I've played recently a game I have tried to avoid for a long time. Everything I knew was that it was an adventure game, and that it was about zombies. Pretty much hating those two things, I evaded it for as long as I could, until my friend nearly forced it into me. And by God, it's astonishing.
For those who havent played - this is indeed a kind of adventure game with zombie plot, based on a comic book of the same name. You guide your character, Lee, through a series of events during a zombie invasion. The game puts a little attention to the zombies themselves, rather making it a background for great character developement and relationships - and having to make difficult choices based on them.
To make it clear - it was the first time I actually felt any connection, any bond with a video game character. Not only with Lee, your main protagonist, who thanks to hundreds of choices that need to be made becomes a kind of your soul mirror, but with Clementime - a girl you babysit during the whole game. If you think a computer generated girl playing a major role in the game is not going to have any influence at you - just play it, I wouldn't believe it myself. And not only her - every character you meet is another tough choice to make, lines of dialogue to listen to, another thought to have.
Another thing important is the fact you have no "right choices" here. Where you see yourself in a situation where you ave to choose to save either a woman or a man (and you built some relationship with both before), you don't get 100 points for the right choice - there is none. You simply keep the story going, experiancing the possible drawbacks of your choice later - but somehow this game rather prevents you from loading the previous checkpoint to change your choice. It kinda tells you "it's your choice, keep it, you have no reason to regret it".
And to sum up - the thing that shocked me the most is the fact... this thing barely resembles an actual game. I played a few adventure games before - none grasped me tho - and they were swarmed with puzzle games, clue finding, minigames, stuff like that. This game doesn't make you play it - it makes you write itself. It's like a TV series you are writing and experiancing at the same time. I'll tell you something - there are moments in the game where you do NOTHING but press the 'w' key to move ahead, usually in pretty bad enviroment (there are zombies here, just reminding).

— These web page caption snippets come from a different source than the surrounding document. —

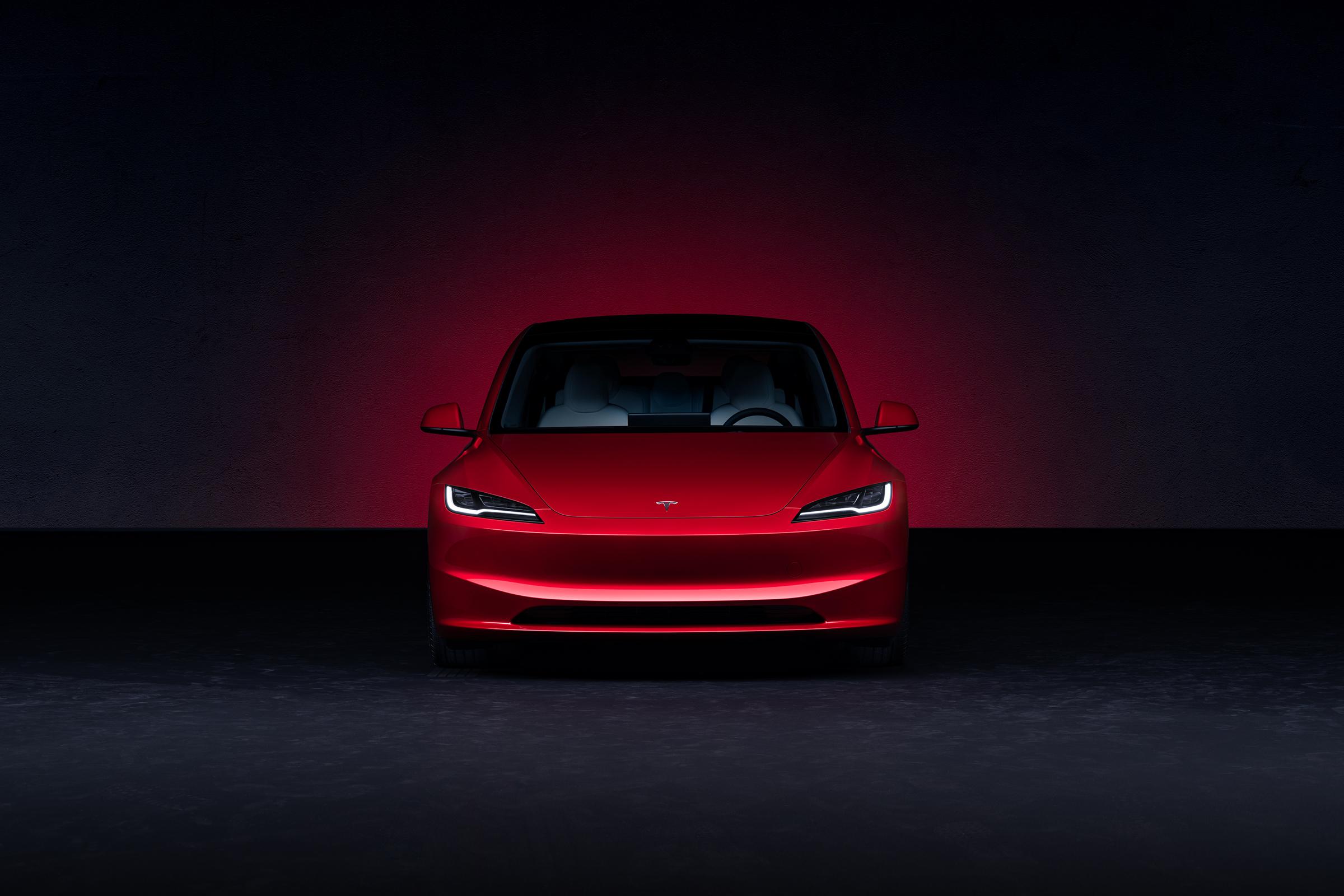 Tesla Model 3 front part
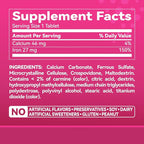Inner Brightness Iron Supplement, Iron 27mg Iron Supplement for Women, 100 Tablets, 100 Day Supply, Daily for Adults, Red Blood Cell Support, Gentle on Stomach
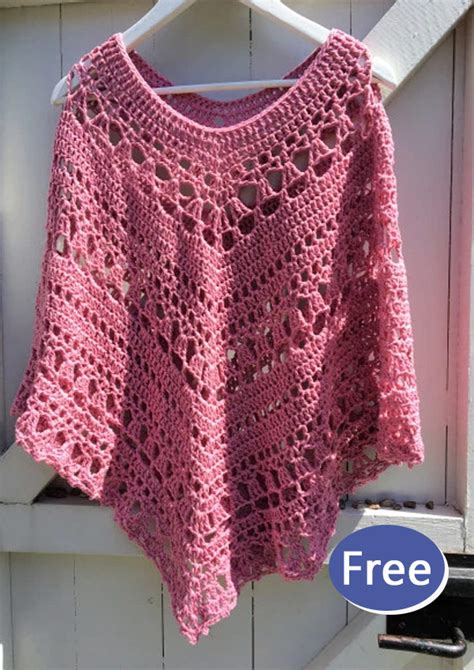 Timeless Boho Poncho Crochet Free Pattern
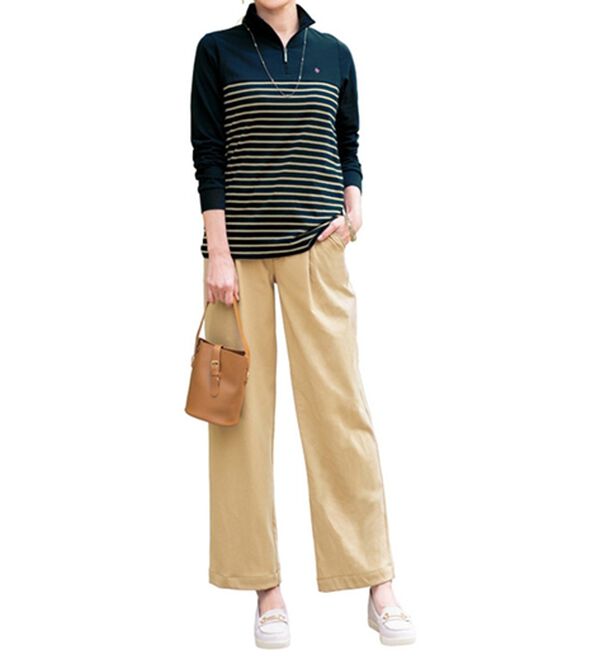 ルフラン（ルフラン）の「【２本組】【ＰＯＬＯ　ＢＣＳ】伸びて柔らか！美カジパンツ（フルレングスパンツ）」｜詳細画像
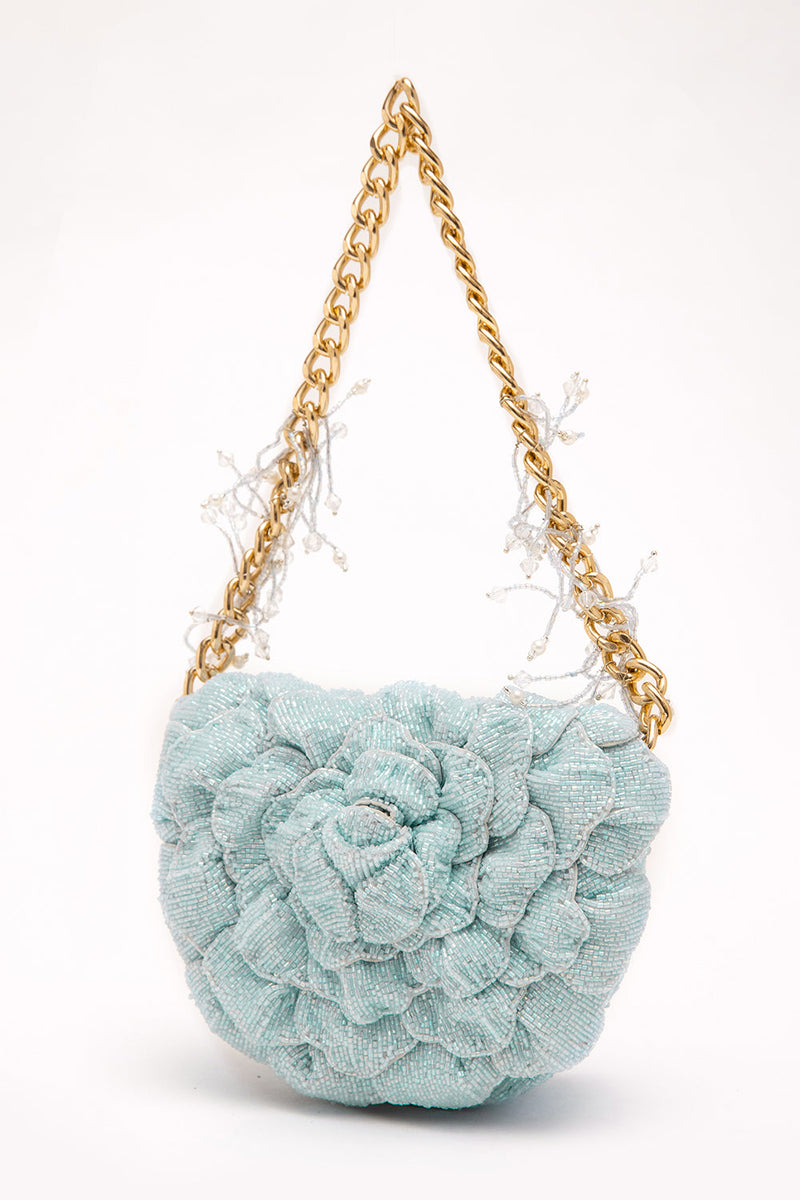 COCO BEADED MINI – POWDER BLUE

If you stop pressing it, nothing bad happens, you just don't move. This sounds like a terrible idea at first - why don't just make it a cutscene? Tell you what - even those little 'w' scenes make you feel "in character" more than most recent games. I don't know how they did it, but it works.
So, a question: do you thing a kind of revolution is coming? This 'game' is nothing players experianced since CDI or Sega CD "Interactive movies", and we all know how much that sucked. Is it a sign that this idea was just terribly handled, and it can come back with such amazing games as "The Walking Dead"? Or is it a one time thing that was surely very good indeed, but the players will forget it soon enough, and the idea wont catch up?